If there was any question that Martin could be this area's most callous, self-absorbed and warped prima donna this side of Terrell Owens, a December afternoon at Abuelo's restaurant in Plano confirmed it. The day after CBS pulled the plug on the Russ Martin Show, the gang gathered for lunch.

For a strategy session. For comfort.

For a last supper.

While Martin, who sat at the head of the table, received the safety net of having his contract honored, cast members such as O'Malley, Rayborn and Trenholm talked glumly of filing for unemployment in advance of what suddenly would be an unhappy new year. Ruining the therapeutic bonding and commiserating, Martin uttered two words that reinforced the chasm between his haves (himself) and have-nots (everyone else):

"Separate checks."

Ryan, who didn't attend and no longer communicates with Martin, was disgusted by the news. "Some guys in that room had their lives shattered," he says. "But instead of picking up the tab as a small gesture, Russ saw it merely as one last toast to his empire."

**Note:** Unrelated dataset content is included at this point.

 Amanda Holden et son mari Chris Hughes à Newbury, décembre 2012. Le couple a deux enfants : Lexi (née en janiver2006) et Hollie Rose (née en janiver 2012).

During his three decades in Dallas radio, chances are Martin has also offended you or someone you know. Especially if you've ever worked with him.

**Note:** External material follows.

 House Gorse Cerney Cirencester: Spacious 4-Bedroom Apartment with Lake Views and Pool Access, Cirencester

Other than his fascination with famous vehicles and James Garner in The Rockford Files, radio was the core of Martin's existence. By all accounts he wasn't close to his family (though he has on his right shoulder a military star tattoo identical to the one sported by his father, who died in February) and has never married, his most meaningful relationships confined within studio walls or cultivated through a microphone.

Ironic then, that he continually knocked down those who propped him up. Minions, he called them.

"He was a bully that was always marking his territory with control and power," Ryan says. "One of his favorite things to say was, 'I am the show. I'm surrounded by idiots.' After a while that gets old."

Says O'Malley, "Is he a good guy? That depends. At times he can be a real asshole and, granted, his humility is less than stellar. But then he can turn around and be one of the most compassionate men you'll ever meet."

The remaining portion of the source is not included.